Used by larql bfs. A JSON array of prompt templates:

[
  {
    "relation": "capital-of",
    "template": "The capital of {subject} is",
    "multi_token": true,
    "stop_tokens": [".", "\n", ",", ";"]
  }
]
Field Type Description
relation string Relation name for edges produced by this template
template string Prompt text. {subject} is replaced with the entity name
multi_token bool Chain multiple forward passes for multi-token answers
reverse_template string? Optional reverse probe ({object} placeholder)
stop_tokens char[] Characters that terminate multi-token chaining

Mock knowledge format

Used by larql bfs --mock. A JSON array:

[
  {"prompt": "The capital of France is", "answer": "Paris", "probability": 0.89}
]

Distribution: slice, publish, pull

The three commands form the distribution pipeline: extract once, carve the deployment variants you need, push them to HuggingFace as sibling repos under a shared collection, pull them on the consumer side with progress + resume.
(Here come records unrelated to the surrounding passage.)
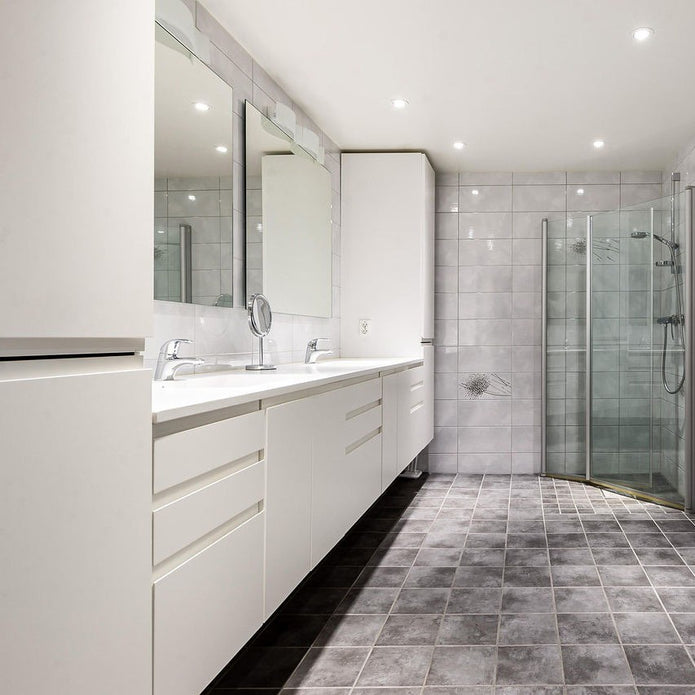 Floor Mounted 304 Stainless Steel Bathroom Vanity Set Environmental Protection For Guest Bathroom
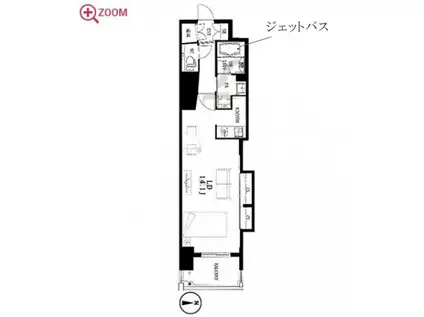 エルブ葵(ワンルーム/11階)の間取り写真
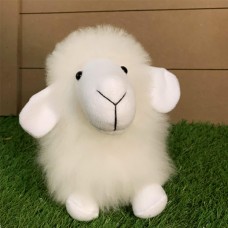 AUSKIN 羊驼毛玩偶 小羊 20CM 白色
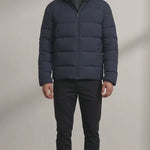 Men's Heavyweight Down Puffer Jacket - Navy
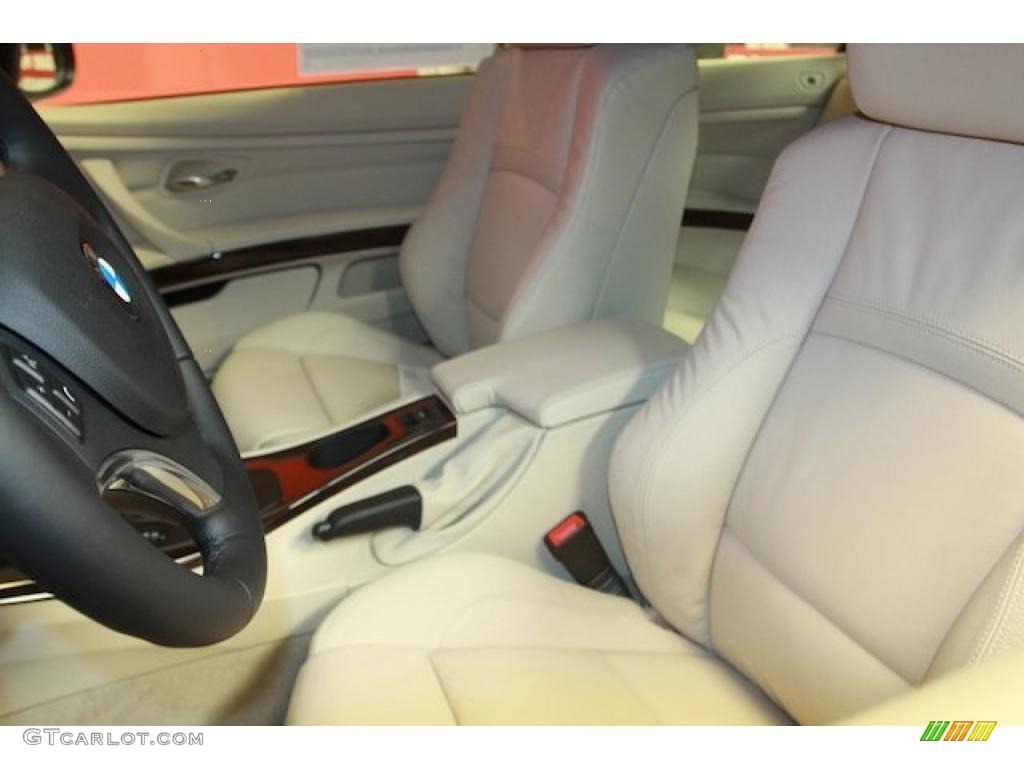 Cream Beige Interior 2011 BMW 3 Series 328i Convertible Photo #40107963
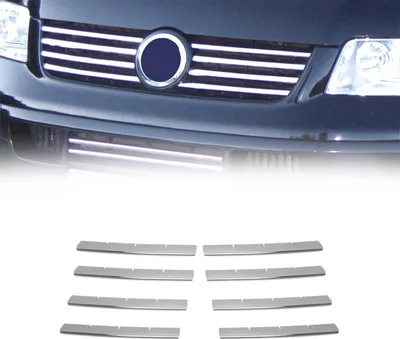 Image de Moulure de Grille de Calandre pour VW Transporter T5 2003-2009 en Acier 8Pcs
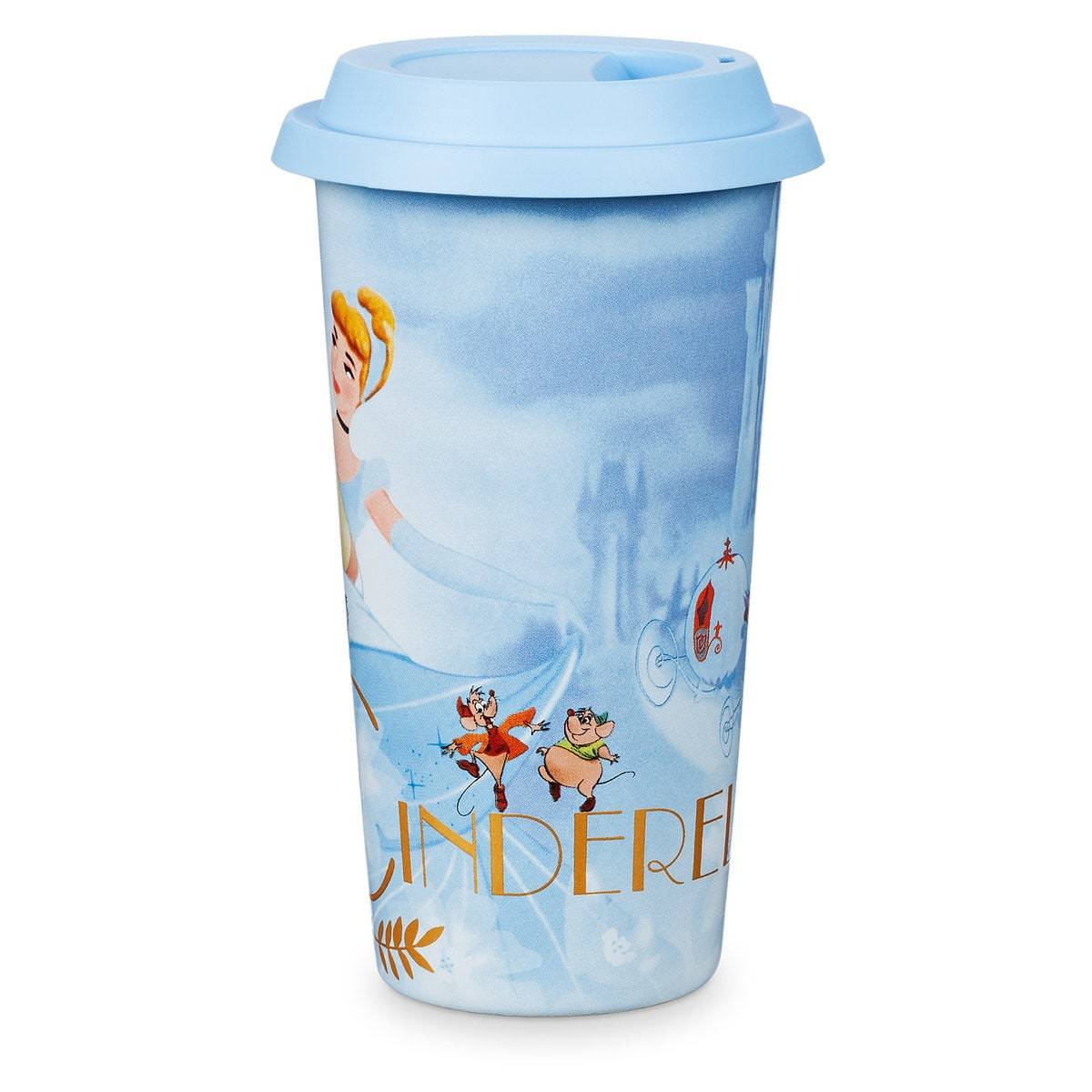 Disney Store Alice in Wonderland Acrylic Tumbler with Color Change Straw -   shop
Architectural rationale (why each slice exists, how collections get composed, SHA256 skip semantics, empty-gate loader for attention-only clients) is in docs/adr/0007-vindex-distribution.md. Command reference below.

slice

Carve a built vindex into deployment variants. Pure file I/O + index.json rewrite — no re-extract.

Flag Description Default
<SRC> Source vindex: directory, hf://owner/name, cache shorthand
-o, --output <DST> Destination directory. Must not exist unless --force.
--preset <NAME> client, attn, embed, server, browse, router, expert-server, all
--parts <list> Explicit parts (embed, norms, attn, gate, down_meta, ffn, expert_layers, lm_head, router, tokenizer, manifest, labels, readme). index.json is always copied.
--force Overwrite <DST> if it exists false
--dry-run Preview what would be copied false

Preset sizes (Gemma 3 4B Q4_K measured; 31B figures scaled):

Preset Topology 4B 31B Q4K 26B MoE Pairs with
client 2-tier 3.0 GB 7.4 GB 2.1 GB larql run --ffn URL
attn 3-tier 310 MB 4.8 GB larql run --embed URL --ffn URL (ADR-0008)
embed 3-tier 1.28 GB 2.6 GB larql serve --embed-only (ADR-0008)
server either 1.8 GB 27 GB larql serve --ffn-only
browse 1.3 GB 16 GB DESCRIBE/WALK only
expert-server MoE 14.1 GB larql serve --experts START-END
full 1.3 GB 32 GB 16 GB everything

expert-server includes embed, norms, dense FFN (interleaved_q4k.bin), and the per-layer expert weights (layers/). Everything larql serve needs to boot and serve POST /v1/expert/batch calls on a CPU-only machine.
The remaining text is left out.